Couldn't agree more, Kudos to SCOTT for putting together a great bike for great price. I recently purchase a lower end SCOTT SPEEDSTER S60, aluminum frame with carbon forks. This bike is light and fast right out of the box. Handles well on the back roads of NJ and the streets of NEW YORK CITY. Sprints are effortless and hills feel like mild upgrades.


----------



## danielhaden

ROAD&DIRT said:


> Couldn't agree more, Kudos to SCOTT for putting together a great bike for great price. I recently purchase a lower end SCOTT SPEEDSTER S60, aluminum frame with carbon forks. This bike is light and fast right out of the box. Handles well on the back roads of NJ and the streets of NEW YORK CITY. Sprints are effortless and hills feel like mild upgrades.


This is cool. On the S60, there's one upgrade I'd do. That's DT Alloy Spoke Nipples in the front wheel (and only the front wheel). Its an inexpensive trick to make a basic wheelset perform up close to a higher end wheelset.  
What that does is the "nothing in the way" sensation since you're no longer propelling 28 chrome plated brass weights around in circles.

Time for that is approximately 2 months after the wheel is new--when any new wheel is due for its first truing service (its less expensive / more convenient to do upgrade at normal maintenance time). 

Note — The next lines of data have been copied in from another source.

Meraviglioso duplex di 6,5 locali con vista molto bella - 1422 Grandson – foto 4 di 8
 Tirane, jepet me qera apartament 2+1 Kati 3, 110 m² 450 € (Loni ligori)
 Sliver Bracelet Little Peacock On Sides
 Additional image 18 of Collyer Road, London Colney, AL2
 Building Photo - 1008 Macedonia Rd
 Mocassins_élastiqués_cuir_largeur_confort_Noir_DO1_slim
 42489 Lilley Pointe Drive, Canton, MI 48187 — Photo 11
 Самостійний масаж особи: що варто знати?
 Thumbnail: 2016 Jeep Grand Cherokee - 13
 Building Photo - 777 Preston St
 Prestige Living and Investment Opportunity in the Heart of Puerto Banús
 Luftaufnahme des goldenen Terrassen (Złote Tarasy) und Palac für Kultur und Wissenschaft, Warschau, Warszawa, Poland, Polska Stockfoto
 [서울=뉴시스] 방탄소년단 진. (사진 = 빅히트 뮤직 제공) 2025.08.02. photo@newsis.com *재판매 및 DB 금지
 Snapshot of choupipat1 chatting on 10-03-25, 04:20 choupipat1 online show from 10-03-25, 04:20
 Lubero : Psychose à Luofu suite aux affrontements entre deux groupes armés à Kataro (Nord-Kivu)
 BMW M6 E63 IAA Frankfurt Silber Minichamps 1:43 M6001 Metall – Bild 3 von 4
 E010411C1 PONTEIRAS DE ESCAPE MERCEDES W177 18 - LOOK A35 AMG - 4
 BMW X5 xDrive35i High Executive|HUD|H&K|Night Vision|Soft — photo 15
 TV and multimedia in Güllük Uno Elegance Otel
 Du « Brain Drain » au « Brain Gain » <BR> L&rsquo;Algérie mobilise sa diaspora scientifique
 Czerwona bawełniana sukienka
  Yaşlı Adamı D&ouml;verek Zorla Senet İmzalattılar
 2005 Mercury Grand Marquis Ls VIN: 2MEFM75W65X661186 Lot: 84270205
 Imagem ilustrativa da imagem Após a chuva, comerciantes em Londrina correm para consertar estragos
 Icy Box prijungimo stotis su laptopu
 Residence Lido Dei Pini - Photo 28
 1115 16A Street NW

Also possible (and somewhat unnecessary) is Wheelsmith DB14 spokes in the front wheel. Those work great to pep up a "28 radial" basic front wheel for an extra-cushy ride. 

As for the rear wheel, I wouldn't make any changes except for the normal regular maintenance (first at 2 months, and then yearly) of customary tensioning/truing.


----------



## Opus51569

I started a thread on the Bikes/Frames/Forks forum but I guess I should have checked here first. I just purchased an S30 and I'm waiting for it to be delivered and built. I've read a few scary threads here about frame cracks and lousy service in previous years. Anyone else have good news about the 2009s?


----------



## loskaos

how much you got it for? im trying to get one here in Colorado but no luck so far..


----------



## Opus51569

Retail was $1199 but the shop knocked $150 off so I payed $1050. Test ride was good. I chose the 56cm. The stem may be a little long but I'll know more once I can take it out for some longer runs. I also road a Jamis and a Cannondale CAAD 9, but both were $1200 on sale which was just out of my range.


----------